From CK Nayak
New Delhi: The tiny hill state of Meghalaya despite many constraints has emerged as the fastest-growing state in the whole country with a growth rate of 9.7% in 2013-14, higher than the fastest-growing big state of Madhya Pradesh (9.5%) and several notches ahead of the national growth rate, says a report compiled by IndiaSpend.
IndiaSpend is the country’s first data journalism initiative and a project of Spending & Policy Research Foundation based at Mumbai.
Meghalaya’s growth in GSDP of 9.7% was better than that of Bihar, which had a GSDP growth rate of 9.1%. Meghalaya has also India’s second-lowest unemployment rate (after Gujarat) with 0.4% in rural areas and 2.8% in urban areas in 2011-12.
In fact, most of the Northeastern states including Meghalaya have done better than many developed states and are way ahead than the national average, the IndiaSpend research has revealed.
The eight NE states – Arunachal Pradesh, Assam, Manipur, Meghalaya, Mizoram, Nagaland, Sikkim and
Tripura – are growing fast, educating their people at a rate much faster than the rest of India, reducing their dependence on agriculture, and generally prospering, the research has revealed. But the growth is not creating enough jobs and livelihood opportunities, it added.
In October last year, Meghalaya with a double digit compound average annual growth of 10.8 per cent and Rs 27,300 crore worth GSDP, had emerged as one of the most competitive states in the country among North East states.
This was revealed in a study by Harvard Professor Michael Porter’s Institute of Competitiveness founded by Michael Porter and based at Harvard Business School in Boston, Massachusetts.
As per that study, at current prices Meghalaya’s GSDP was 4.2 billion dollars (Rs 27,300 crore) in 2014-15. The State’s GSDP has expanded at a compound annual growth rate of 10.8% between 2004-05 and 2014-15.
The IndiaSpend research found fewer people (12.8 million) live below the poverty line in the entire North East than in just one large state, Karnataka, which has 12.9 million poor people.
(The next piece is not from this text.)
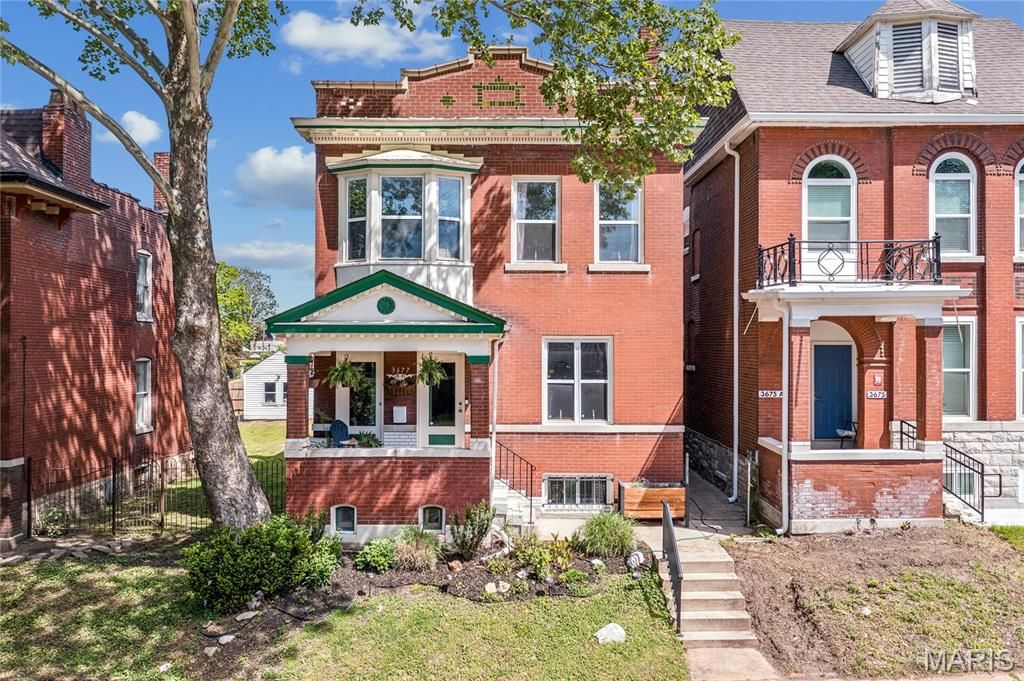3677 McRee Avenue, St Louis, MO 63110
Other thing evident is that while NE states are often clubbed together, the study found, in many cases, wide differences occur. Manipur has the high poverty rate while Sikkim in the same region is just the opposite with high prosperity.
Unemployment in urban areas across all NE states is higher than rural areas and is in line with the national pattern. The states have widely varying rates of poverty, which largely reflect unrest and insurgency.
While 36.9% people live below the poverty line (the ability to spend Rs 1,170 per family per month in urban areas and Rs 1,118 in rural) in Manipur, where a cocktail of insurgent groups have crippled the economy, only 8.2% of the population is below the poverty line in Sikkim, the study found.
But in Sikkim where plentiful hydro power has raised incomes the figures are – Rs 1226 (urban) and Rs 930 (rural).
In Meghalaya, the percentage of population below the poverty line was 17.1% in 2009-10 and fell to
11.9% in 2011-12. Although the number of people below the poverty line might be lower than the national average, the intensity of poverty in these states is much higher.
Poverty in the NE, like the rest of India, is a more rural phenomenon than urban; 11.6 million people of the 12.8 million living below the poverty line are in rural areas. The two main reasons for poverty are under-developed agriculture and unskilled labour, according to the National Institute of Rural Development (NIRD).